Toplumdaki insanlar o kadar cesitlidir ki, Ornegin Romenler Ortadoksturlar , kiliseye giderler, kilisenin onunden gecerken hac cikarirlar.  Gercek su ki ne olursa olsunlar, din belirleyici degil. Romanyada duraklarda bir kiza dikkatli bakan bir tane erkek gormedim. Kaldi ki , Romen kizlari bence dunyanin en guzel kizlari olmasina ragmen.  Bu insanlar kendilerini frenlemeyi ogrenmisler ise siz de frenleyebilirsiniz. Hersey sizde bitiyor. Dunyadaki tum kizlarin " narin, aska ihtiyaci olan, ovulmeyi seven" cinsler oldugu gercegini kabul edip kafaniza sokarsaniz, tum dunyayi da gezseniz , onlara karsi olan davranislariniz degismeyecektir .

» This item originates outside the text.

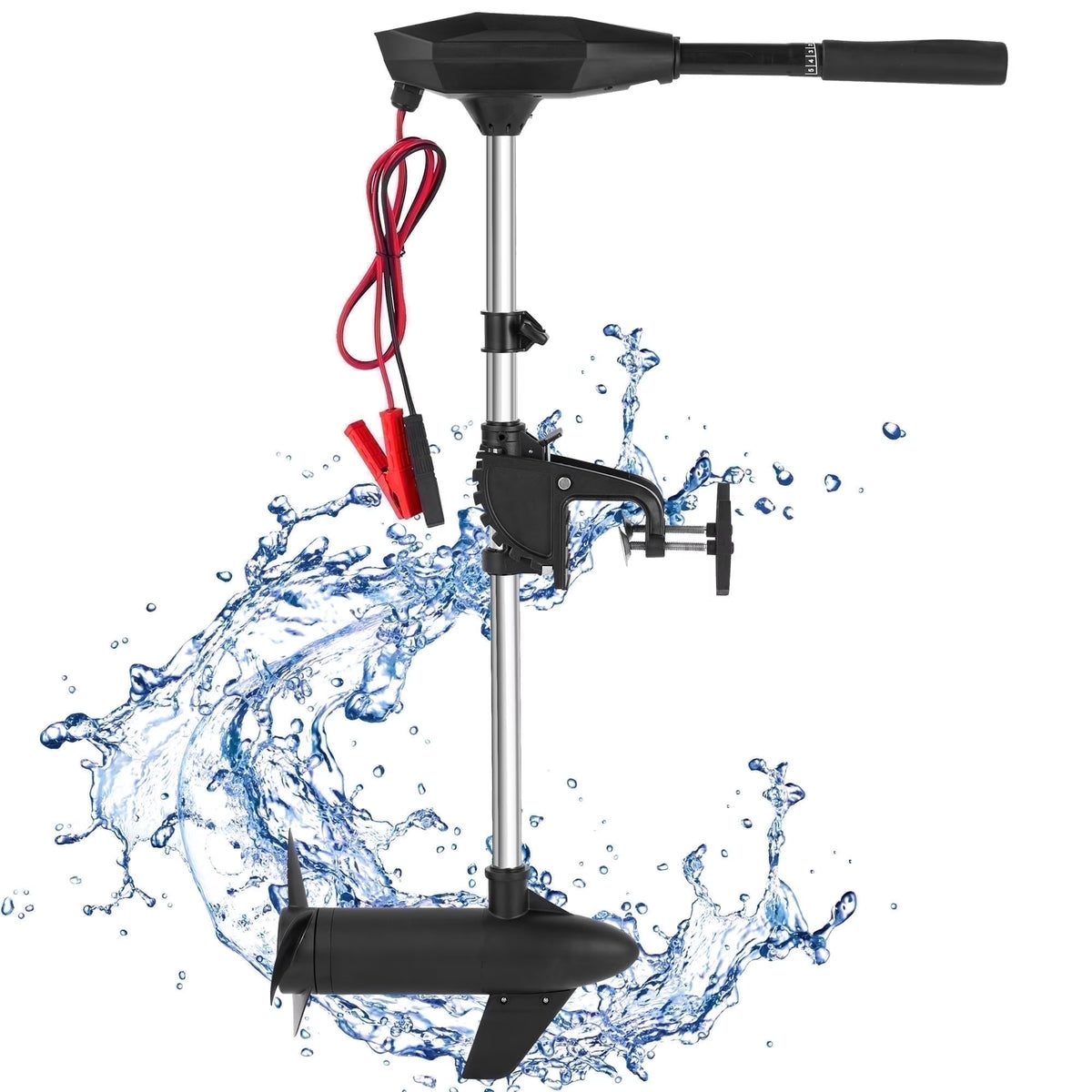 Moteur électrique de pêche à la traîne avec 55 Lbs de poussée 8 vitesses, Moteur de pêche pour bateau avec manche télescopique, Indicateur de batterie LED pour Kayak Pêche Bateau Utilisation en eau douce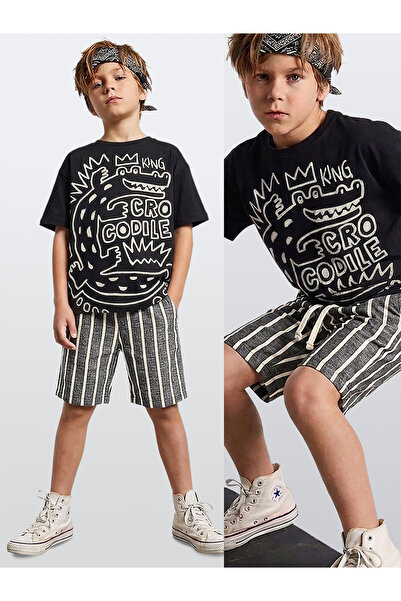 Denokids Boy's Croco Black T-Shirt and Striped Linen Look Summer Shorts Set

Agir kapitalizm, insanlardaki acik sevgi gosterilerini ortadan kaldirmis olabilir, fakat cogu toplum hatta Sovyetler den ayrilan 8-10 milyon nufuslu ulkelerdeki saygi inanilmaz.  Otobuslerde , tum gencler yasli insanlara yer veriyorlar hem de onlara soyletmeden, Turkiyede yasli teyze " yeni nesil cok kotu" nutuklari attiktan sonra genclerimiz yer veriyorlar hem de soylene soylene (!)

IPAD imiz, Pc'lerimiz, Mp3 umuz, playstation umuz. Tv imiz hatta ucak biletlerimiz bile var .  Ama bu bizi ne kadar insancil yapiyor? Ornegin IPAD ten ya da Kindle dan sabahlari internete baglandigimizda , dunyadaki ac evsiz cocuklara bir yardimimiz dokunuyor mu ? Ayni ekrandan gazete okudugumuzda, " hadi bu ulkenin degisecegi yok, once kendimi degistireyim, radikal degisikler yapayim" diyormuyuz?

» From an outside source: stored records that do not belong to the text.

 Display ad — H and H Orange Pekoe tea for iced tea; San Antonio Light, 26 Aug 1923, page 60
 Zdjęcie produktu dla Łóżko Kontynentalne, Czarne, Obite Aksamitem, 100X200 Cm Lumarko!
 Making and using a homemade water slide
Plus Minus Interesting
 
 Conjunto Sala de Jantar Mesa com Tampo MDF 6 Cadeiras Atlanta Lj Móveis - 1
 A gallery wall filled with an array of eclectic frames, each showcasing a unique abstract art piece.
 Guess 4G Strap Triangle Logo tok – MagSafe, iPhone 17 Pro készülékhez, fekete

Ornegin Couchsurfing den tanistigimiz ve evimizde misafir ettigimiz Ermeni bir erkege ya da kiza, cok iyi misafir perver olduktan sonra , evden gittikten sonra arkasindan " ya biliyodum bunun boyle olacagini , tarihte e boyle idiler " mii diyor arkasindan konusup iki yuzluluk mu yapiyoruz?  ne kadar yazik..

Son olarak Yilbasi  Noel kutlamalarindan bahsedecegim kisaca. Agaca cikan ve ustunu cikarip ciplak olarak yilbasini kutlayan bir Turk genci, sarhos bunu cok eglendigi icin mi ? yoksa gosteris yapmak icin mi yapiyor?

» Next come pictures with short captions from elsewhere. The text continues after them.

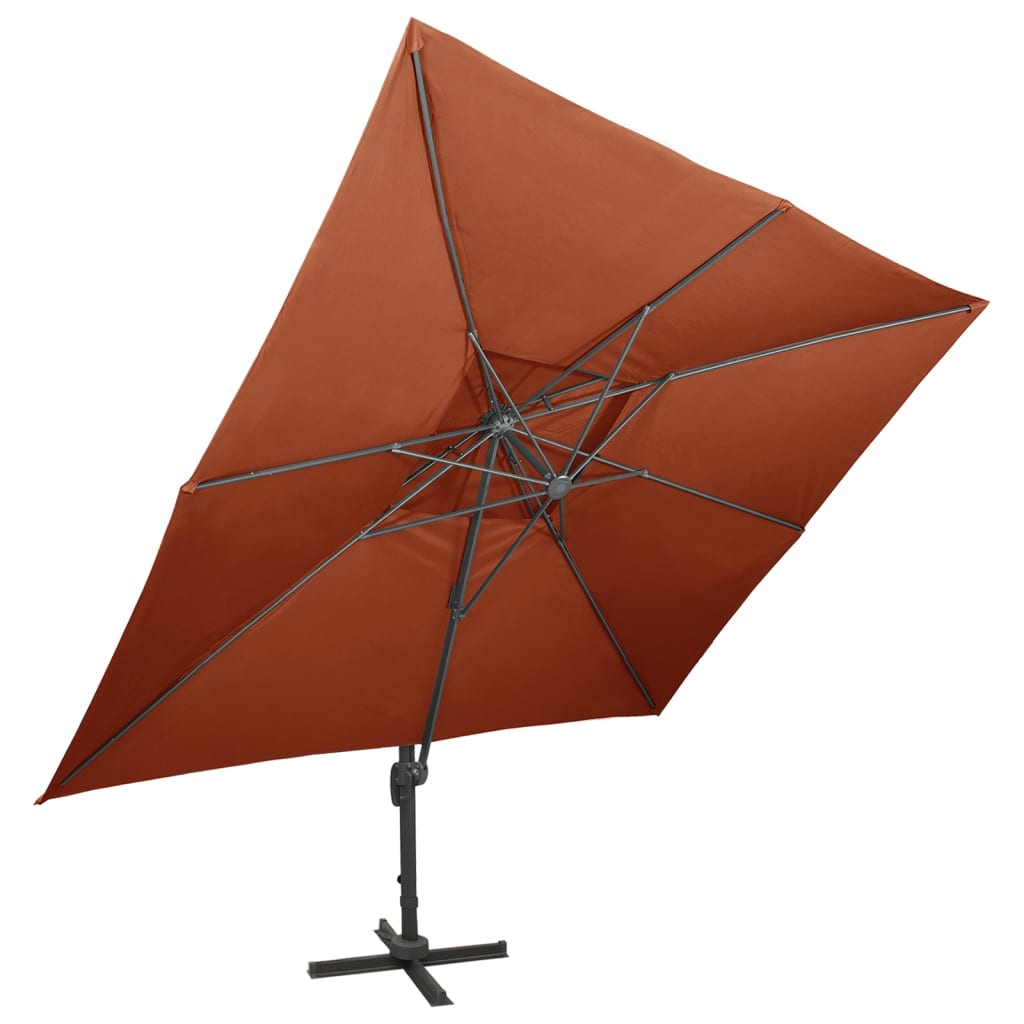 vidaXL Parasol ogrodowy Cantilever z podwójnym blatem, terakota 400x300 cm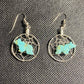 Handmade Southwestern sterling silver dream catcher drop earrings, with turquoise carved bears in center, amazing gifts for her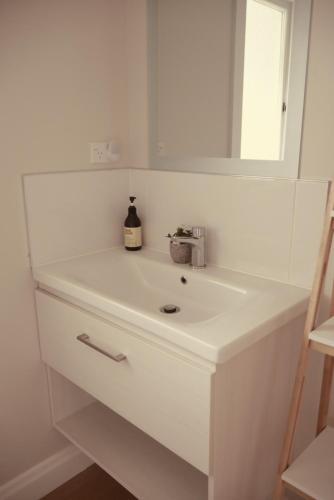 W łazience znajduje się biała umywalka i lustro. w obiekcie Apartment on St Georges w mieście Havelock North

Ya da Almanlarin, ceklerin, romenlerin, slovaklarin, italyanlarin Noeli agaca cirilciplak cikararak boyle kutladigini mi duymus ?  cok ilginc, bence bu kisi moron ( retarded)
Bunun yanisira, Belediyeler Noel kutlamasi icin alan hazirlayamaz , belediyelerin gorevi " vatandasin" evlerinin onundeki copleri temizlemektir .  Turkler, bu yilbasinda , yine ickiyi kacirdi, saldirdi, oldurmeye teseppus etti , kizlara sarkti, yani gectigimiz yila gore birsey degismedi, ve bu kafayla giderlerse degismez. AB de Turkleri " aaa sislide, nisantasinda noel kutlamis turkler hadi sunlari AB'ya alalim" demezler. Isterseniz  yilin 365 gunu aksamdan kalma  ( hangover) ol , bu birseyi degistirmez. Eger vatandas yaya yolundan gecerken, surucu olarak durmuyorsan , saygi gostermiyorsan , yuksek sesle bagirip yolculari rahatsiz ediyorsan, ve buna da " ama avrupada yuksek sesle bagiriyorlar, siz ozgur degilsiniz " kilifini uyduruyorsaniz, size uzun bir avrupa turu tavsiye ediyorum, cunku oyle birsey yok.  Rusyada Baskan PUTIN, sokaklarda 12.den sonra icki satilmasini yasakladi. Hollanda, yabancilara mariuhanna, hashas satilmasi konularina sinirlama getirdi.  Romanyada caddede " icki" sisesi ile yakalanirsan polisler seni  aninda durdurur ve para cezasini yersin ve akillanirsin.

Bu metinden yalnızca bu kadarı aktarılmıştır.